Minneapolis can’t claim the state fair. That’s St. Paul’s deal and they’ll never let us forget it. So what do we do about the situation? Well, aside from deserting the city for a week every year to go east and eat cheese curds, we turn every festival here into a painful mockery of the State Fair. Take the Uptown Art Fair for example. Once upon a time, it was devised as a way for local artists to sell their wares in an upscale bohemian sort of way. Now what has it become? Cheap reproductions, beer tents and corn dogs! You may as well be shopping in the duty free store at the airport. There’s about as much appreciation for art at the Art Fair as there is appreciation for Packers fans at the dome. All you see from end to end are people staring blankly at shoddy works of art, asking their friends “is this any good?”. These people wouldn’t know art if it ran up and stole their paper cup full of Miller Lite.

4 – Hypocrisy

If there’s one thing Minneapolitans can get together on, it’s insulting our neighbors. Whether we’re going off about how hard it is to get around in St. Paul, talking about how the people in the suburbs don’t know how it is “in the city” or pushing it a step further and insulting every state that borders us, we love to put everybody else down. Maybe that’s where this idea that we’re a cultural oasis comes from. Our own propaganda has worked so well that everybody around us sounds worse by comparison. Or maybe we’re just the ones yelling the loudest. We’re content to use the ultimate weapon of hypocrisy – “Minneapolis Nice”. It’s oh-so different from Minnesota Nice, doncha know? From ear to ear we smile as we tell people how quaint they are. We humor the outlanders from far flung places like Roseville and Minnetonka. We reinforce all of the best things about the city while we grind the dagger into their backs after they turn around. The whole city just can’t seem to get it through their heads that we’re no better than anyone outside our borders.

5 – Misplaced Pride

Lastly, there’s the worst of all. Sometimes the people in this town are just too far gone to recognize when we’re being made fun of. When someone from Minneapolis meets someone from another large city, they always get the same list of “things we know about Minneapolis”. Prince.
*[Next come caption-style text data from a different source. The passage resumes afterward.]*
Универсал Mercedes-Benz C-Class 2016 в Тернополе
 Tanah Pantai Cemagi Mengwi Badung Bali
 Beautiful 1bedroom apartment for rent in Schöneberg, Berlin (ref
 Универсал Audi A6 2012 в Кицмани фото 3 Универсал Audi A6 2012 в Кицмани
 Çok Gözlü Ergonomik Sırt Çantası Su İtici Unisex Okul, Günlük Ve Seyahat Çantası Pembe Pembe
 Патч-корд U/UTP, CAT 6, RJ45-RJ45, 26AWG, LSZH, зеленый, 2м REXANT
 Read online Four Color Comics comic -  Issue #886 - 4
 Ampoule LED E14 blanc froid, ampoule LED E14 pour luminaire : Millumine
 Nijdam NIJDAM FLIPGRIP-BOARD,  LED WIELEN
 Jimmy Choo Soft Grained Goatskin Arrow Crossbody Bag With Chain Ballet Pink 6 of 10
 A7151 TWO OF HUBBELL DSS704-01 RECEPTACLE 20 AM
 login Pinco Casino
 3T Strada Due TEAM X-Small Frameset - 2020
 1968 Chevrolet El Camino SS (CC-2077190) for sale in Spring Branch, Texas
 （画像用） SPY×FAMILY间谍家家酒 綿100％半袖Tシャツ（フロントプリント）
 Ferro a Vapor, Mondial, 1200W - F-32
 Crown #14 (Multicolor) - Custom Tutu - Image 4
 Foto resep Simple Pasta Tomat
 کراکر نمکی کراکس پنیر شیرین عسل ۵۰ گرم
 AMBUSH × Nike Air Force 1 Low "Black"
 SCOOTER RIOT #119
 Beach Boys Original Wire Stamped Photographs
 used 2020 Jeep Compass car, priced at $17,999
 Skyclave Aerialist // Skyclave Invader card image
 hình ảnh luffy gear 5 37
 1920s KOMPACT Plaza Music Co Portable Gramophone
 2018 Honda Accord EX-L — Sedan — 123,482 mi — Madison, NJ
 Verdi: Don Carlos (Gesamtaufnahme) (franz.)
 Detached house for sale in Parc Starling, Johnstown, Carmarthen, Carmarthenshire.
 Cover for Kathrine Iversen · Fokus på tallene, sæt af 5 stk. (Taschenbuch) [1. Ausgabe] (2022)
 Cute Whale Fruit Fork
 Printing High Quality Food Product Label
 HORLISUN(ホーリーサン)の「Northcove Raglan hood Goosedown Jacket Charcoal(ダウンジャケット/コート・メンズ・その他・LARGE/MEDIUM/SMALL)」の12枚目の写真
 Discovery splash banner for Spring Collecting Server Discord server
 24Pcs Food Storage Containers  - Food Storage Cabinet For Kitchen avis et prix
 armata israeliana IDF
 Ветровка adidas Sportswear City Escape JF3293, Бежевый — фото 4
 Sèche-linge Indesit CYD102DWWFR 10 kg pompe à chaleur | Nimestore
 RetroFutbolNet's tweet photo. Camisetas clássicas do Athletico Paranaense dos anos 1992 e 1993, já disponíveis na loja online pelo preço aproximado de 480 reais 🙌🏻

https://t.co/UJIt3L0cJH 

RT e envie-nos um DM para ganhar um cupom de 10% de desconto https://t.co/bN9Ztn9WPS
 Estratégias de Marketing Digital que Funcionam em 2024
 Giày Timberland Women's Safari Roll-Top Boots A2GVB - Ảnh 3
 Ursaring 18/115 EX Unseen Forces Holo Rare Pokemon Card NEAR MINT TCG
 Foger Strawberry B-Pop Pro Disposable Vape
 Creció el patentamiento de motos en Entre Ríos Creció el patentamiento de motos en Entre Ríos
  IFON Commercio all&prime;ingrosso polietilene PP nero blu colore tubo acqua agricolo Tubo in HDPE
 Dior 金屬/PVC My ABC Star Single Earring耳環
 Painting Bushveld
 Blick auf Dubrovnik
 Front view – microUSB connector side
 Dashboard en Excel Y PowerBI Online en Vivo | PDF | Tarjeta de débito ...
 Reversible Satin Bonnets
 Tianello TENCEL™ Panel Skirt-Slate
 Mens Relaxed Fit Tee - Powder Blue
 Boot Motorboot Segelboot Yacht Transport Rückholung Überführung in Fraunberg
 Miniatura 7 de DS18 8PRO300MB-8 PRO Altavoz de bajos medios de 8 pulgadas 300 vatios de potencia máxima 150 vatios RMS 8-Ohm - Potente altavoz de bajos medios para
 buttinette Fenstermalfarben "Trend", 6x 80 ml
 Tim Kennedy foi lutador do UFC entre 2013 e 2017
The movies “Fargo or “The Mighty Ducks”. They tell us they know of these things and we just smile and say how happy we are to be involved in each one. Everybody in this city’s got a story about how they met Prince one time (I know I do) or how they were going to be an extra in “Jingle All the Way” or “Untamed Heart”. We gather up little factoids like, “did you know Mallrats was filmed in Eden Prairie Center? It’s true!” or “Did you know that the only American member of Monty Python is from Medicine Lake? It’s true!”. And are they impressed? Of course not! Would you be impressed by someone from New York rattling off all the celebrities who grew up near there? Probably not. And they’d be a lot more famous than Terry Gilliam. We like to think of ourselves as one of the classiest places in the Midwest, if not the whole country. And it just isn’t so.